### ASSIGNED TASK
Below are records; the lines starting at the one with "Fuzion trick scooter" and ending at the one with "김민석 국무총리가 21일" must be reproduced exactly, both included. Pictures must not appear.

### DATA EXCERPTS
BEGIN
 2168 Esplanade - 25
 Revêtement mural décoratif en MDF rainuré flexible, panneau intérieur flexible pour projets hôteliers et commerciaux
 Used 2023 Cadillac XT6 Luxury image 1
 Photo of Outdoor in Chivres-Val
END
BEGIN
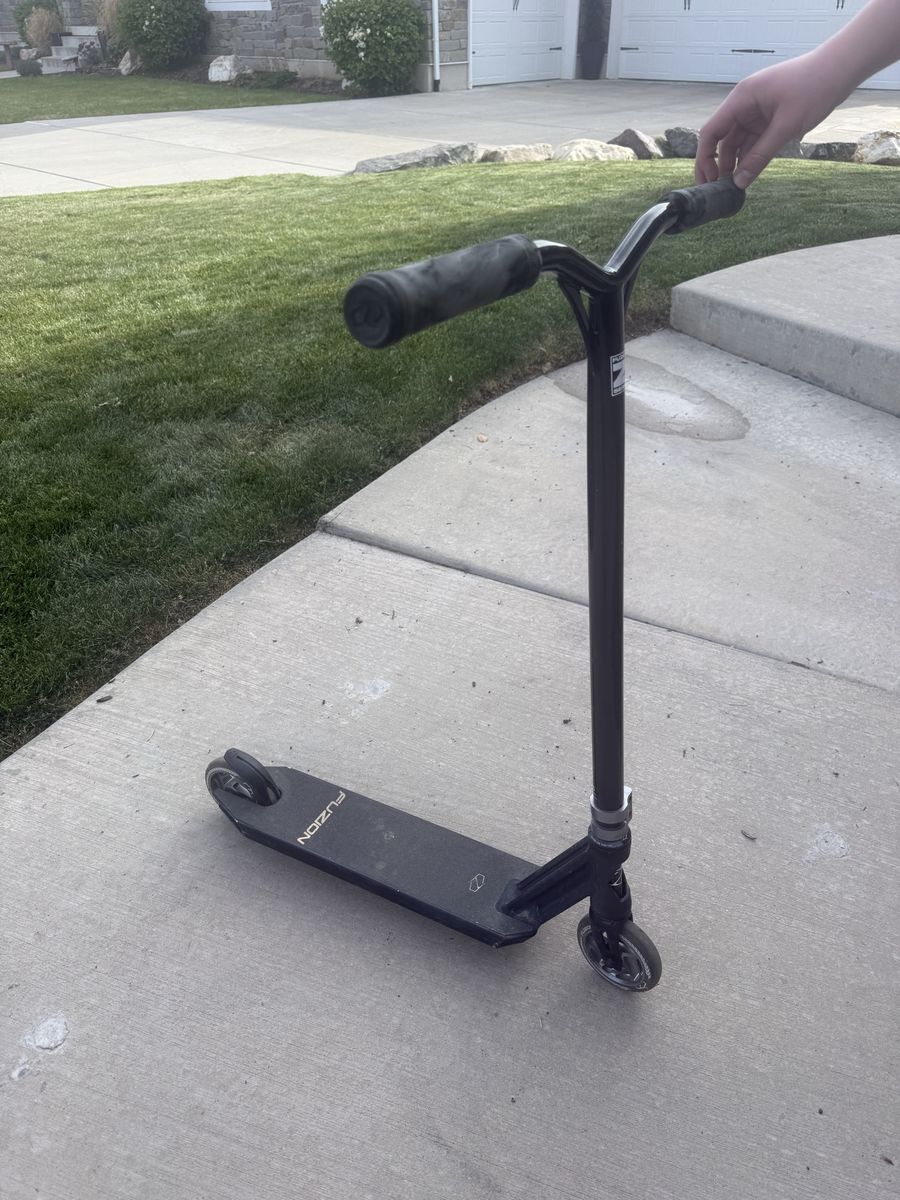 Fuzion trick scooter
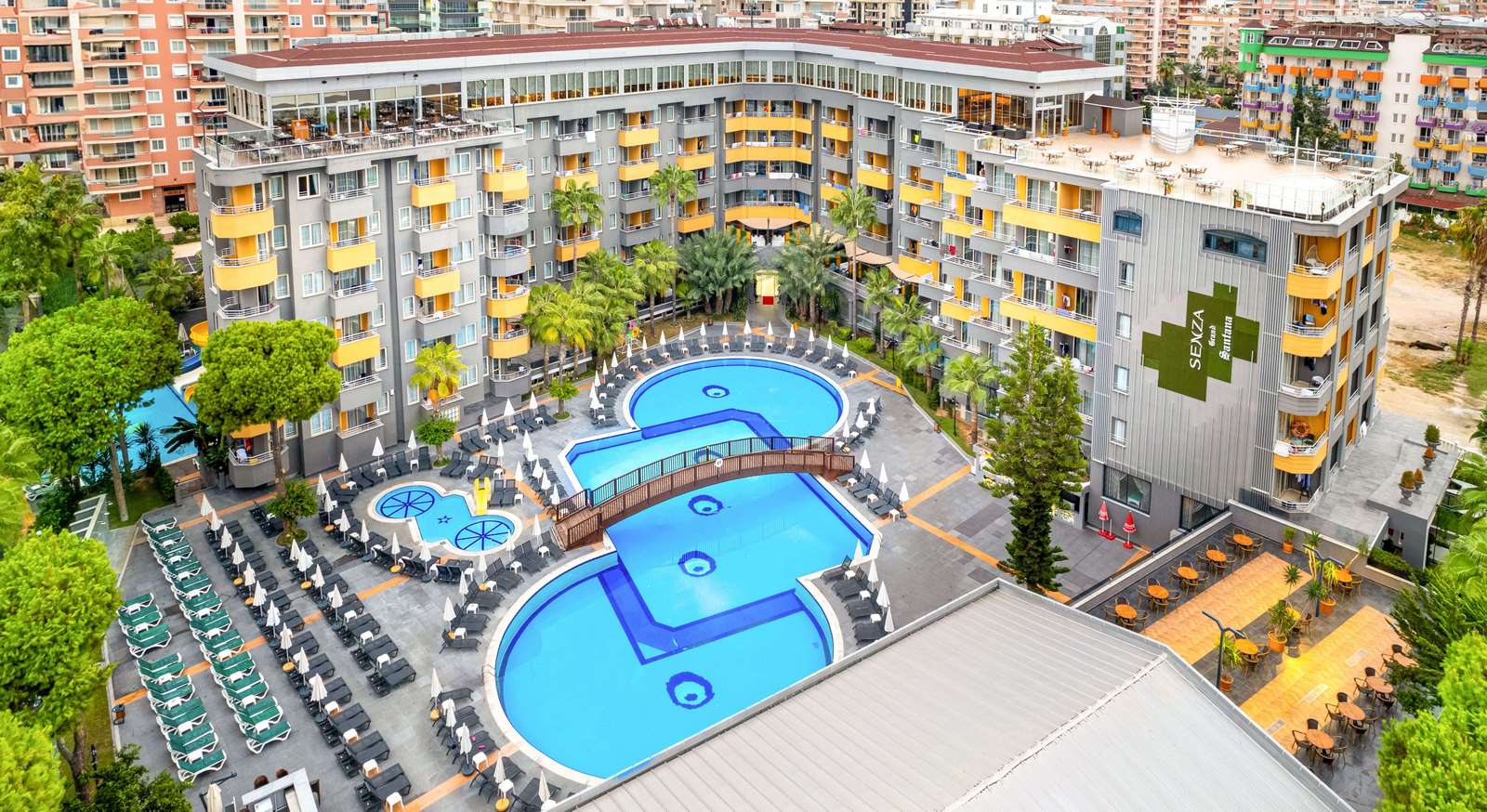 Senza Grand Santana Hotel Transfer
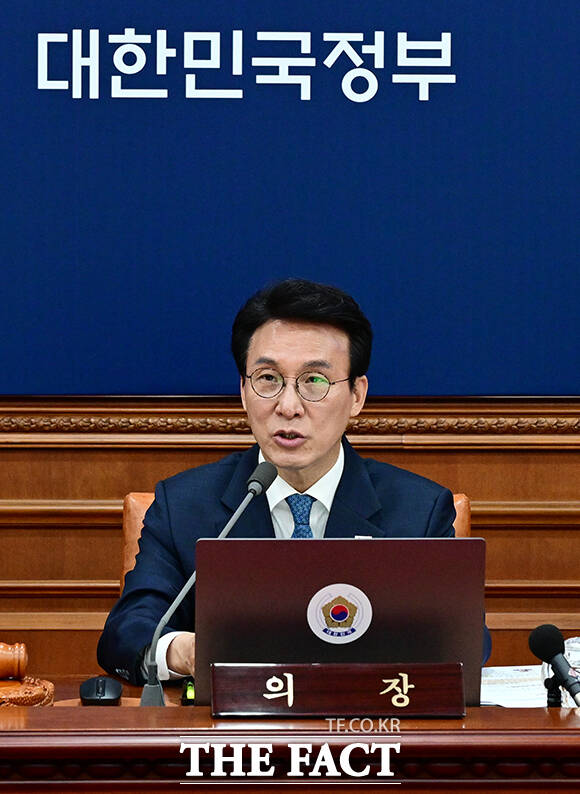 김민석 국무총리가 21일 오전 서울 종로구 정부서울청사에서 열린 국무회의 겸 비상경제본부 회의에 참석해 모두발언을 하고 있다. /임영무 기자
END
### YOUR RESPONSE
 Fuzion trick scooter
 Senza Grand Santana Hotel Transfer
 김민석 국무총리가 21일 오전 서울 종로구 정부서울청사에서 열린 국무회의 겸 비상경제본부 회의에 참석해 모두발언을 하고 있다. /임영무 기자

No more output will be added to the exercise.